Tem dois aspectos importantes. Primeiro, é a crise do jornalismo como um todo e, por consequência, do jornalismo cultural, que sofre com a entrada da internet e a força das redes sociais. Isso tirou a capacidade de mobilização que o jornalismo cultural tinha. O segundo aspecto é uma crise que a própria cultura vive, por que também ela não consegue entusiasmar o público, sofrendo concorrência do mundo digital. Há uma substituição por uma espécie de cultural digital, uma cultura geek. A cultura se desterritorializou da vida cultural. E o Brasil sofre de forma específica isso. A internet transformou e fagocitou o jornalismo, ela se apropriou do conteúdo jornalístico, que migrou para a internet.
Para o bem e para o mal, quais são os desdobramentos deste fenômeno?
A coisa boa é a possibilidade de um alcance e de um público maior pela internet. Ao mesmo tempo, os padrões que os jornalistas culturais utilizavam estão se adaptando aos novos tempos da internet. O jornalista cultural tem que adaptar aos formatos das redes sociais, que não trabalham de forma unidirecional, como antigamente nos jornais. Para a internet, o entretenimento é mais importante do que a notícia. Estamos vivendo o que os americanos chamam de a era da pós-verdade. Com a eleição do Trump se viu que é possível gerar notícias que não tenham fundamento algum. Mas é também possível gerar conteúdo de entretenimento atraente. Ainda é possível, através de links, direcionar a leitura para textos de maior fôlego. Não vejo com pessimismo isso. É uma ressignificação da ideia de jornalismo e de jornalismo cultural, que tem sempre o desafio de ser relevante.
Qual o aspecto dessa transformação na cultura?

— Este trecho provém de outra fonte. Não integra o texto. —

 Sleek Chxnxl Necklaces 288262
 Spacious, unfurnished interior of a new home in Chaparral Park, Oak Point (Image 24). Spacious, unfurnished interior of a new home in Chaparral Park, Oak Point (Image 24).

A cultura sofre uma concorrência da internet por que a ideia de cultura deixou de existir do jeito que existia há 20 anos. Na internet, ela é confrontada com uma quantidade absurda de conteúdos, que não pertenciam ao seu domínio, mas acabaram se acoplando a ela. Houve uma migração que misturou esses conteúdos. Para mim, cultura não é só espetáculo, é a vida diária das pessoas e como elas interagem com as suas expressões. Então, as comunidades culturais, os artistas, os gestores culturais, têm que lidar com as diferentes facetas culturais, têm que se adaptar aos novos tempos. O mundo cultural, intelectual, das artes, dos livros, esse mundo antigo, é quase impossível conviver com a internet. Tem que se adaptar também. É menos atraente se estes formatos se apresentarem isolados do mundo conectado. Muitas vezes artistas e produtores entram num confronto, parecendo não se adaptar a isso. Na gestão cultura isso acontece também. Tem aspectos como a questão da renúncia fiscal, criação de eventos, pela Lei Rouanet e outras. São canais importantes, mas que emperraram com o tempo. Essa discussão, embora tenha um caráter muito político, precisa ser feita. Estas leis precisam se adaptar o novo mundo. É importante manter a Lei Rouanet, pois ela propicia que se faça cultura no Brasil todo indiscriminadamente. Mas é preciso criar novos mecanismos para que isso se torne relevante do ponto de vista da cultura digital também. Hoje, é impossível separara cultura geek da cultura pop e erudita. Então, nesse panorama, o jornalismo cultural está sofrendo uma disrupção muito importante. É preciso saber lidar com esta cultura de disrupção, de perturbação do sistema. E a gente tem um problema sério da indústria da informação. O (jornal em) papel deixou de ser a mídia mais importante.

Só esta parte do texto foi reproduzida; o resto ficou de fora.